40 pairwise alignments between human and other vertebrates were used to compute the perfectly conserved sequence (PCS) size distribution across a wide divergence time range.
Observed data are shown in blue, and predictions from our model are shown in orange. In the main plots (PCS size distribution), the upper limits for both the x-axis and y-axis vary depending on the maximum PCS size and count found in each species, respectively.
To enhance clarity and prevent points from obscuring one another, the x-axis values in the main plot were divided into 20 logarithmic bins, with the y-axis showing the mean PCS count and its standard deviation for each bin.
Inset shows the distribution of evolutionary times. The insets of all graphs have the same x-axis (log) and y-axis, both ranging between 0 and 1.
Use:
python3 6_1_plotFig_PcsDistribComp.py
Example of Usage:
python3 ~/code/6_1_plotFig_PcsDistribComp.py
Input Parameter:
To ensure the graphs match those used in the paper, the parameters are hard-coded in the script and cannot be modified via command line.
Pre-requisites
Before using this script, make sure all the required files were pre-computed:
a) Files with sampled evolutionary times
Make sure to run 5_sampleEvolTimes.py
for α=1.1.
Time, Memory & Disk space
Running the script on a single core takes 187.39 seconds and requires a small amount of memory.
- Output files:
The SVG output file for Fig. 2,
pcsDistrib-comp.alpha1.1.svg
, has 2.3 MB;The PDF output file for Fig. 2,
pcsDistrib-comp.alpha1.1.pdf
, has 362.2 KB;The SVG output file for Supplementary Fig. 1,
pcsDistrib-comp-supp.alpha1.1.svg
, has 9.1 MB;The PDF output file for Supplementary Fig. 1,
pcsDistrib-comp-supp.alpha1.1.pdf
, has 1.5 MB.
Function details
Only relevant functions have been documented below. For more details on any function, check the comments in the souce code.

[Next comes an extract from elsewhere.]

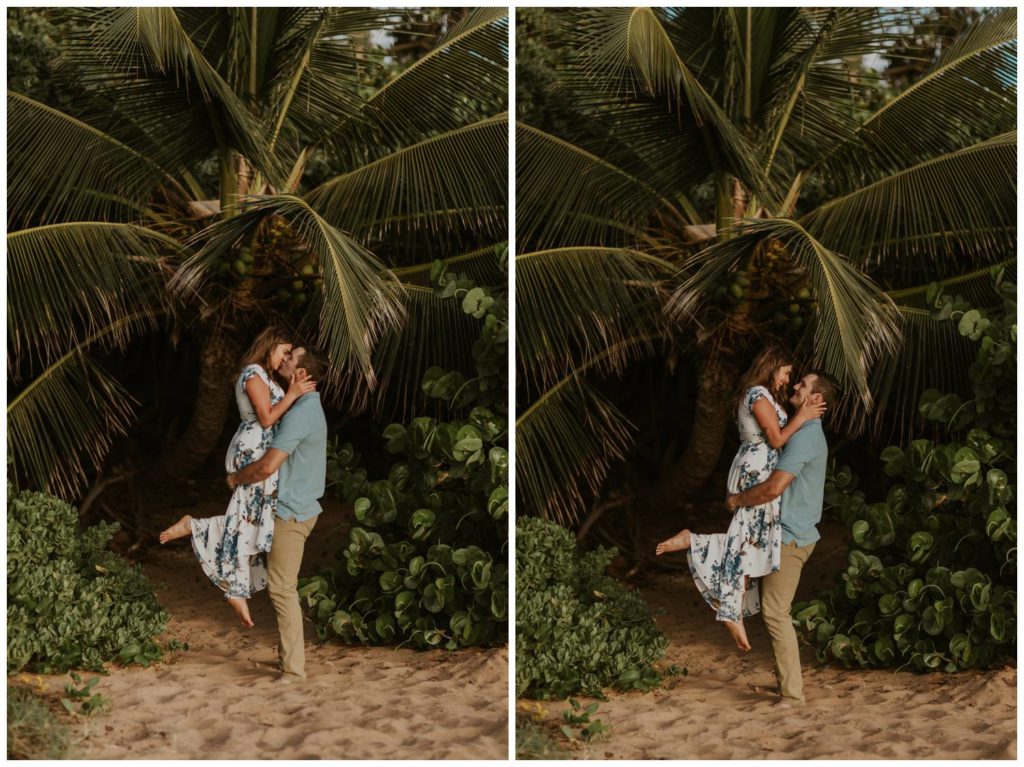 Maui Beach Engagement Photos couples on the sand proposal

- 6_1_plotFig_PcsDistribComp.findBin(val, bins)
Given a list of bins and a value, find in which bin the value should go.
- Parameters:
bins (list of floats) – a sorted list of values. A bin is defined as
(bins[i-1], bins[i]]
.
- 6_1_plotFig_PcsDistribComp.makeFigure2(alpha, my_dataset, allspecies=False)
Create the plots from Figure 2, containing the estimated and observed PCS size distributions for 10 representative species. The same function also creates the supplementary figure of Figure 2, containing the plots of all 40 species. Depending on the case (whether for the main text or the supplementary material), some adjustments are necessary to the positioning and size of elements (insets, icons, etc.).
- 6_1_plotFig_PcsDistribComp.plotPCSsizeDistribBig(ax, PCSdist_obs_onespecies, PCSdist_est_onespecies, min_PCSsize, PCSsize_nbbins)
Plot the observed and estimated distribution of PCS sizes for a pair of species. Due to the limited space, in order to improve clarity and avoid overlapping dots, the x-axis values are organized into bins.
- 6_1_plotFig_PcsDistribComp.plotTauDistribSampled_sum(ax_fg, ax_bg, taudistrib_est_onespecies, tau_bins, min_tau, max_tau, colors, cmap)
Plot the estimated distribution of evolutionary times for a pair of species.
- 6_1_plotFig_PcsDistribComp.prepareDataForPlotting(dictVals)
Input is provided as a dictionary containing binned data, with keys representing bin values (like PCS sizes) and values indicating the counts of PCS sizes within those bins. The process computes the average and standard deviation of the observed counts for each bin.